Hierarchical Reinforcement Learning for Energy-Efficient API Traffic Optimization in Large-Scale Advertising Systems
Author(s) -
Enkai Ji,
Yihan Wang,
Suchuan Xing,
Jianian Jin
Publication year - 2025
Publication title -
ieee access
Language(s) - English
Resource type - Magazines
SCImago Journal Rank - 0.587
H-Index - 127
eISSN - 2169-3536
DOI - 10.1109/access.2025.3598712
Subject(s) - aerospace , bioengineering , communication, networking and broadcast technologies , components, circuits, devices and systems , computing and processing , engineered materials, dielectrics and plasmas , engineering profession , fields, waves and electromagnetics , general topics for engineers , geoscience , nuclear engineering , photonics and electrooptics , power, energy and industry applications , robotics and control systems , signal processing and analysis , transportation
Digital advertising infrastructure represents a substantial component of global computing resources, with significant environmental impact due to its massive energy consumption and carbon footprint.
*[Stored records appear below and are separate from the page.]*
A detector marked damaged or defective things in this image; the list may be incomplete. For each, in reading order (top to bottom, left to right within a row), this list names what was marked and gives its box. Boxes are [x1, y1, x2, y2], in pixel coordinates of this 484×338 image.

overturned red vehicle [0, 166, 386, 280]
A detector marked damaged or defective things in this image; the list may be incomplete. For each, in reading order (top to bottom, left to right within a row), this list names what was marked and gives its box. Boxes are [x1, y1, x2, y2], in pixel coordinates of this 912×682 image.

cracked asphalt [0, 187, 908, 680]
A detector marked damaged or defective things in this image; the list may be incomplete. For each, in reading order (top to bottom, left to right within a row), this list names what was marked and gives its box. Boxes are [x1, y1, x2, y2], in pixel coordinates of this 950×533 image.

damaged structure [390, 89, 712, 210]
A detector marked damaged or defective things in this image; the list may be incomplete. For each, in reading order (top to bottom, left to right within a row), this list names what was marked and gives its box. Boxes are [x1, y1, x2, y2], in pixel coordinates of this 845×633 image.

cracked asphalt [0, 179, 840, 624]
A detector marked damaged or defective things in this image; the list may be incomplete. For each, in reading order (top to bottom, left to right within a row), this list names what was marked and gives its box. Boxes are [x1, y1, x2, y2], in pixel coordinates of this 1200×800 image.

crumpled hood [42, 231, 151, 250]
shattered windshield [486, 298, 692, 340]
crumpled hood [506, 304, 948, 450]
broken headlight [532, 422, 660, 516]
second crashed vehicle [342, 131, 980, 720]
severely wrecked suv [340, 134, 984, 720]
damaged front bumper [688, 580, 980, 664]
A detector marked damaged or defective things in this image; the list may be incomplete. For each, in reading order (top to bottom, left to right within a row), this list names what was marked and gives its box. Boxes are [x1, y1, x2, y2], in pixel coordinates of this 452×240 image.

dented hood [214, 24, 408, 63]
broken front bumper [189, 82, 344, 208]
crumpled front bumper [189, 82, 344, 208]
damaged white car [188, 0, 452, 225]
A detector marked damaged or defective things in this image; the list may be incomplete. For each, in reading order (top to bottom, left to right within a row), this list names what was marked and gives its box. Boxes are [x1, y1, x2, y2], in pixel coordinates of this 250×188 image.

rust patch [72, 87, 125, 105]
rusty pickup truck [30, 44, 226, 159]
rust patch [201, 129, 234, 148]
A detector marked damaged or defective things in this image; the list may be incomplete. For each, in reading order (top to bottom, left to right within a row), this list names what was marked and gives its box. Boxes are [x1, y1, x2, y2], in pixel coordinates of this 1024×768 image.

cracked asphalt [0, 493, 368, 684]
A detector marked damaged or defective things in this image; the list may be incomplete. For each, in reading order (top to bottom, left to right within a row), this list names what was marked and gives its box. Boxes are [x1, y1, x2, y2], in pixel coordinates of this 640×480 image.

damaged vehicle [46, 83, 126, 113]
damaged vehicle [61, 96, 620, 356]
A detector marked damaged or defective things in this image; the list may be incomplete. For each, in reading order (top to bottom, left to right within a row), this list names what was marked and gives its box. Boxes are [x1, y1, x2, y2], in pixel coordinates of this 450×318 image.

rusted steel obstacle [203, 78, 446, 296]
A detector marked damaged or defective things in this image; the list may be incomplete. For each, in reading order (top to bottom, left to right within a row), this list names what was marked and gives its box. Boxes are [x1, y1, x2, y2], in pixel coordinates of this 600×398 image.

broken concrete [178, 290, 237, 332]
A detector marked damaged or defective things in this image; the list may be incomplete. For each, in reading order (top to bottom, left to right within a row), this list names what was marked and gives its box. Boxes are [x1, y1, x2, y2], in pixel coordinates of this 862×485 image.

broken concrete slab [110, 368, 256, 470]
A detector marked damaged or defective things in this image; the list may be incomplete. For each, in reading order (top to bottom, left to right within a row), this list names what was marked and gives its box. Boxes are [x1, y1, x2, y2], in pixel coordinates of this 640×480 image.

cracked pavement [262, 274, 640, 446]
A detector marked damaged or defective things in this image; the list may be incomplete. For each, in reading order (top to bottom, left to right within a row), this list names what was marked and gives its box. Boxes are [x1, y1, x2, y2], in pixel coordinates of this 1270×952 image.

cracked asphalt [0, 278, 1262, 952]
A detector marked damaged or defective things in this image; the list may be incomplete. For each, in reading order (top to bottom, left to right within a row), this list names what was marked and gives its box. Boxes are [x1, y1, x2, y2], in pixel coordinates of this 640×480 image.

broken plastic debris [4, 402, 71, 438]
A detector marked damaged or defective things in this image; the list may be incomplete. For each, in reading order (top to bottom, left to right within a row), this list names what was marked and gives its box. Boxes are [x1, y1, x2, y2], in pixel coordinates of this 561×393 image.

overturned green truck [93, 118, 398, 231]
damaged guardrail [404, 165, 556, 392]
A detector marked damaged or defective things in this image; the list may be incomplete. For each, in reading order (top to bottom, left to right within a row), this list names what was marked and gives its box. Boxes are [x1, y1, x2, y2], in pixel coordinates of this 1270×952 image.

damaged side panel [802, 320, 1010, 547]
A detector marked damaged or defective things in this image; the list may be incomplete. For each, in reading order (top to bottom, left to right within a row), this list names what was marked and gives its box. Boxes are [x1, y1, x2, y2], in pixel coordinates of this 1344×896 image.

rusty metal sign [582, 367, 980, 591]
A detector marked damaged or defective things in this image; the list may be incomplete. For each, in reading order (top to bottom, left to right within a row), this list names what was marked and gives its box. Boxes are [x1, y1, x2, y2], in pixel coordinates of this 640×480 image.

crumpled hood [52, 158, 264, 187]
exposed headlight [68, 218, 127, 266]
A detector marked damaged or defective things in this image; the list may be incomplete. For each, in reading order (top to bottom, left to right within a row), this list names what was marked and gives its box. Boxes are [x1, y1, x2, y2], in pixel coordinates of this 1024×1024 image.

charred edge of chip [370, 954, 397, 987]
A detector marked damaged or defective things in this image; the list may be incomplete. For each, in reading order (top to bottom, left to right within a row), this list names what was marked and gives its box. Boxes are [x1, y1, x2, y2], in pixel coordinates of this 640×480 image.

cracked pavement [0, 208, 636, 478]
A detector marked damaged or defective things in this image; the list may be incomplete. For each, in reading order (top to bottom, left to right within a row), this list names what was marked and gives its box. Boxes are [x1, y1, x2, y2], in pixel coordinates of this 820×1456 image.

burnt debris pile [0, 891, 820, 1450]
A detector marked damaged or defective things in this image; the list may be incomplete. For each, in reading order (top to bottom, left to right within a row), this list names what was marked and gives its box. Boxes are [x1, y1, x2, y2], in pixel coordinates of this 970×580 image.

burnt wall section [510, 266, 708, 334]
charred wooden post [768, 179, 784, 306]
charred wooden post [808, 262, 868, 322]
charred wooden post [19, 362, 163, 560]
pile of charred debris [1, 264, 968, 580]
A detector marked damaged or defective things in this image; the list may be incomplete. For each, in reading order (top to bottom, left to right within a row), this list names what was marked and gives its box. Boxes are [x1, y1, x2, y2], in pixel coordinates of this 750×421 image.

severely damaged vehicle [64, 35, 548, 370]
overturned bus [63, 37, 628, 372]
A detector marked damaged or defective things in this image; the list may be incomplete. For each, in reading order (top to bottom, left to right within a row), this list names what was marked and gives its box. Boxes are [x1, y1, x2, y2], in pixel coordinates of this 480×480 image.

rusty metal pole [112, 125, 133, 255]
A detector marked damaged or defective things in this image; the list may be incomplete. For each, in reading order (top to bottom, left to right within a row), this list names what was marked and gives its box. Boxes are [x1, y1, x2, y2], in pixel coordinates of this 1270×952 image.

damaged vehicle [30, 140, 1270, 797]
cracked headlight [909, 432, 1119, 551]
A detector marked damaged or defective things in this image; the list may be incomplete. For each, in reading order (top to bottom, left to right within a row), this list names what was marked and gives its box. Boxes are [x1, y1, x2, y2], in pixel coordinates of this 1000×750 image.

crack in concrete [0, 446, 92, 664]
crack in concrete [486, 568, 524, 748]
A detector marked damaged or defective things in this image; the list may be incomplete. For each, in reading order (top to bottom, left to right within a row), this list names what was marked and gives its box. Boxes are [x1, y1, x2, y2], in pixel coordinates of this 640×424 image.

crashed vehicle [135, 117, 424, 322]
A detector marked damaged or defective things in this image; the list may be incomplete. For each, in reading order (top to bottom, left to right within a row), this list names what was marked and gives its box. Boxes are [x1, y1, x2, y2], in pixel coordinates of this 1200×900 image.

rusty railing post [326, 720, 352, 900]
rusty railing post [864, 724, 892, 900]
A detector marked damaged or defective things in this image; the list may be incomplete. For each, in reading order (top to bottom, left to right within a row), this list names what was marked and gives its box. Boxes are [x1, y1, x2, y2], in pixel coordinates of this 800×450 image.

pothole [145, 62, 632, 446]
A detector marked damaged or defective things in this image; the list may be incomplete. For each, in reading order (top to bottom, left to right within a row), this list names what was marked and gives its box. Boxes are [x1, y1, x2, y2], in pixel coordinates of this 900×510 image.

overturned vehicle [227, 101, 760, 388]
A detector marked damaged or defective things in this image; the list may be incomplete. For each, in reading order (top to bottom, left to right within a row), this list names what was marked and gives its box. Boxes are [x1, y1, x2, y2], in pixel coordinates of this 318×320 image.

This work addresses the sustainability challenges posed by inefficient API traffic management in large-scale advertising systems, where conventional static approaches lead to resource overprovisioning and energy waste. We propose AdaptiveGate, a sustainability-oriented hierarchical reinforcement learning framework that dynamically optimizes API traffic flows to enhance resource efficiency and reduce environmental impact. The proposed methodology employs a constrained Markov Decision Process formulation with a multi-objective reward function explicitly designed to balance system performance with resource efficiency. Our framework implements a two-tier architecture of twin delayed Deep Deterministic Policy Gradient agents: global agents minimize cross-datacenter energy expenditure through intelligent traffic routing, while local agents maximize resource utilization through service-specific load balancing. Empirical evaluation on production advertising systems processing over 2.5 million requests per second reveals significant sustainability improvements: 42.3% reduction in tail latency, 35.7% increase in throughput, and 18% decrease in overall energy consumption compared to state-of-the-art methods. The system demonstrates exceptional adaptability across diverse traffic conditions and operational scales, providing compelling evidence that AI-driven methods can substantially improve digital infrastructure sustainability. This work contributes to sustainable computing by establishing a framework that optimizes computational resource allocation, minimizes energy waste, and advances environmentally responsible high-performance computing systems, aligning with multiple Sustainable Development Goals including responsible consumption and affordable clean energy.